# [GIVEN MATERIAL]
--*--
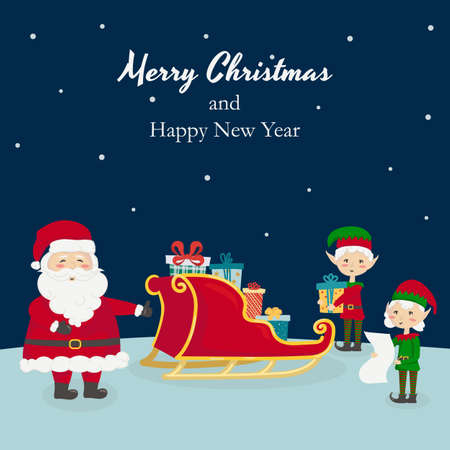 Vector illustration Santf Claus and elves are putting gifts in a sleigh. Christmas and New Year concept for cards, invitations, advent calendar.のイラスト素材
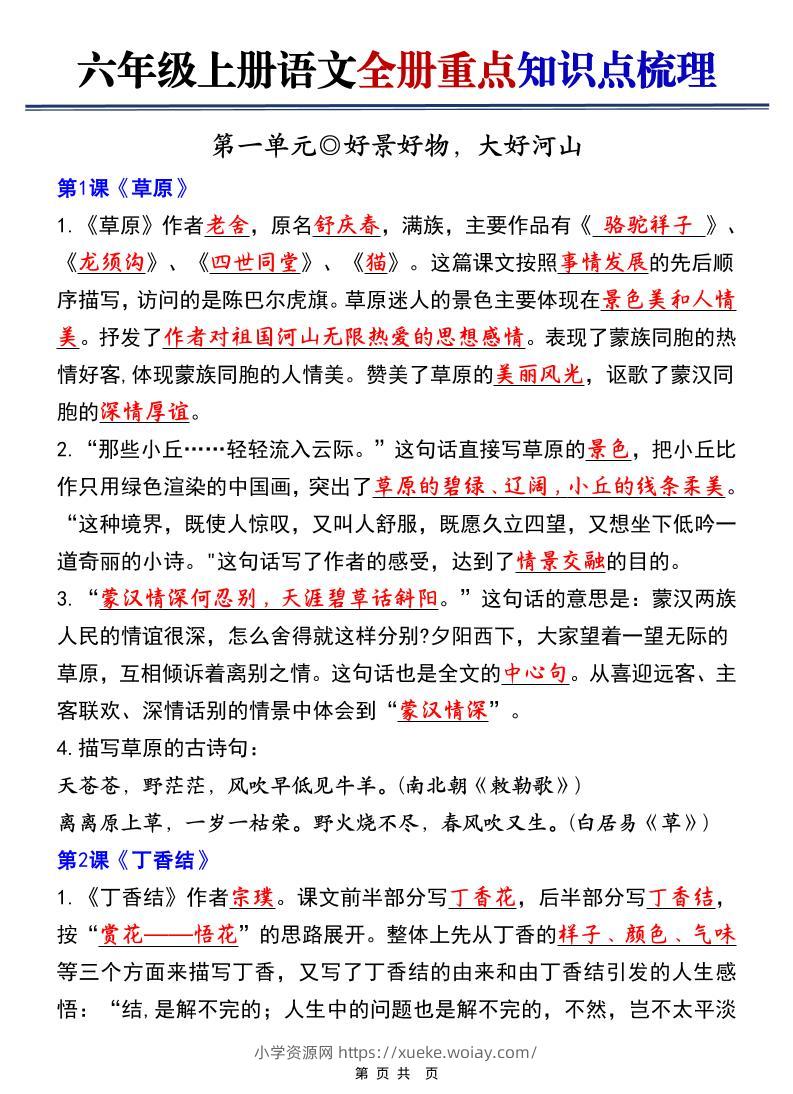 六上语文【25秋-全册重点知识点梳理（空白+答案）】-六八学科资料网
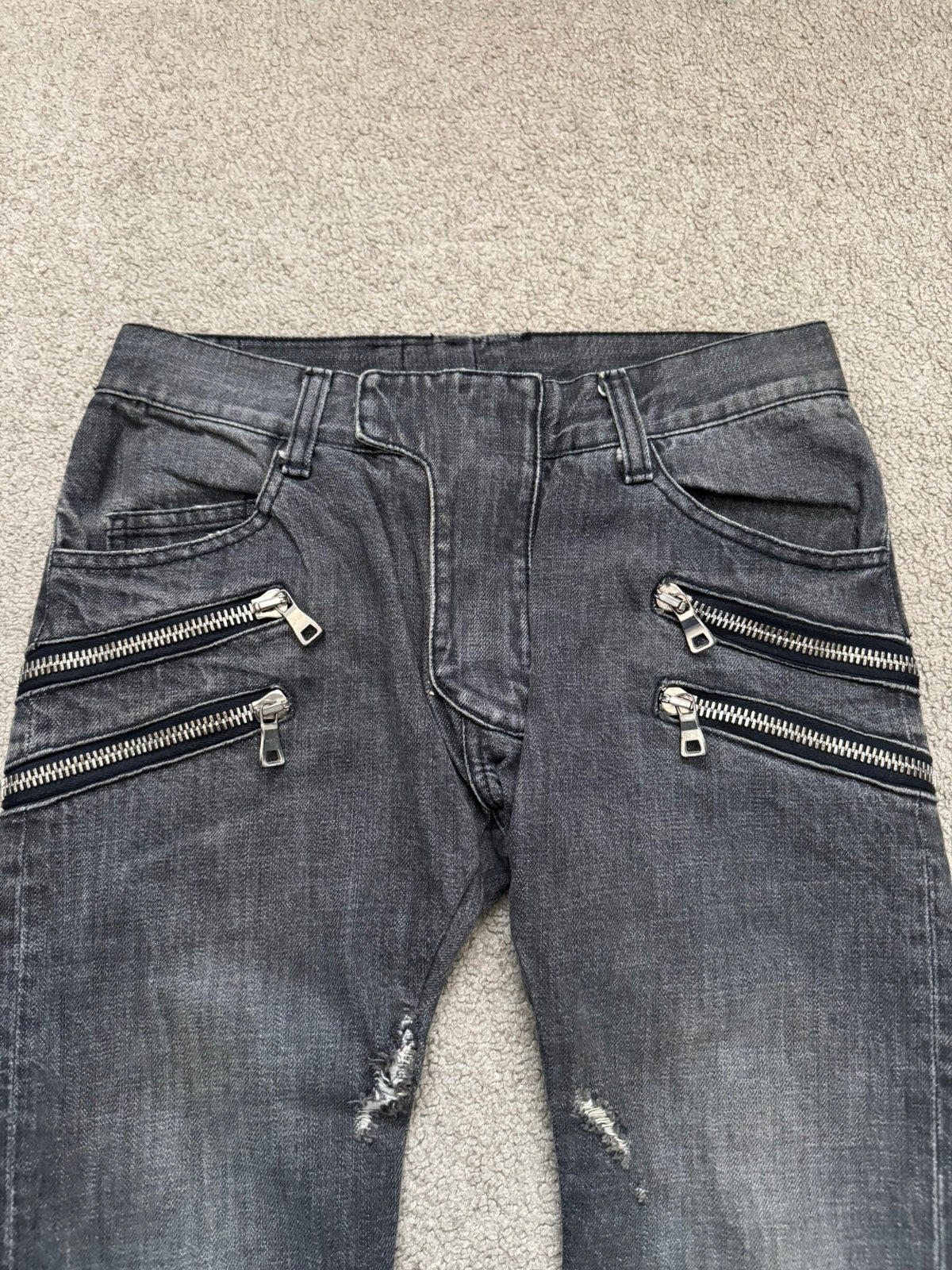 FW11 Balmain by Christophe Decarnin 4 Zip Biker Denim Jeans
--*--
# [TASK TO COMPLETE]
The answer is the whole listing retyped exactly, with pictures omitted.

# [RESULT OF THIS EXERCISE]
 Vector illustration Santf Claus and elves are putting gifts in a sleigh. Christmas and New Year concept for cards, invitations, advent calendar.のイラスト素材
 六上语文【25秋-全册重点知识点梳理（空白+答案）】-六八学科资料网
 FW11 Balmain by Christophe Decarnin 4 Zip Biker Denim Jeans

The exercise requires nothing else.